Both the June CPI and PPI came in hot and well ahead of expectations. There was the inevitable debate about the transitory nature of the price increases. Looking longer-term, however, the conventional models for explaining inflation have been unsatisfactory.
Notwithstanding the numerous failures by Japanese policymakers, consider the US as another example. Let's begin with fiscal policy. It is said that deficit spending would lead to currency devaluation and inflation in the manner of the Weimar Republic. Nothing could be further from the truth. The blue line represents federal government deficits as a percentage of GDP. Deficits began to balloon in the early 1980`s with the Reagan Revolution and continued during the Bush I era. Did inflation (purple line) explode upward?
Monetary policy had its own failure. Monetarist Theory, as popularized by Milton Friedman, was another model that backtested well but failed out of the box. Friedman postulated that the PQ=MV, where the Price X Quantity of goods and services (or GDP) = Money Supply X (Monetary) Velocity. Friedman theorized that, over the long run, monetary velocity is stable, and therefore money supply growth determines inflation. All central banks had to do was to control money growth in order to control inflation.

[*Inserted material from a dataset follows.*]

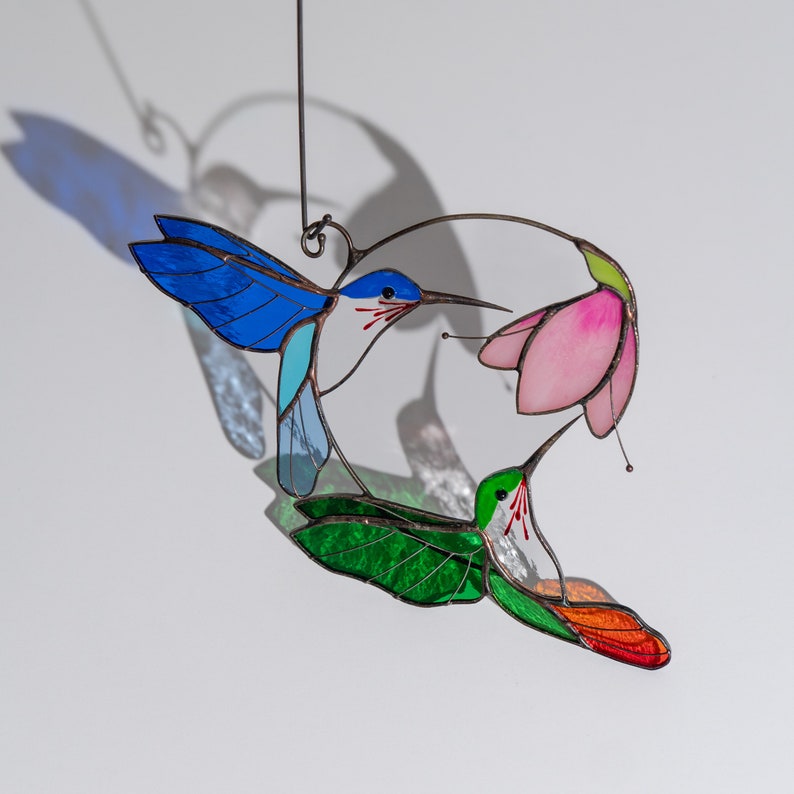 Custom stained glass bird suncatcher Gift for dad Modern stained glass window hangings Hummingbird stained glass flower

It worked until about 1980. Monetary velocity had been stable until about then. Money growth didn't generate inflation because monetary velocity fluctuated wildly. Growth in money supply, as measured by M1, was often matched by declines in velocity. The Fed could engineer money growth and inject liquidity into the financial system without creating inflation.
In the face of the apparent failure of these conventional models, I offer an alternative vision of inflation and discuss the implications for investors.
The full post can be found
here.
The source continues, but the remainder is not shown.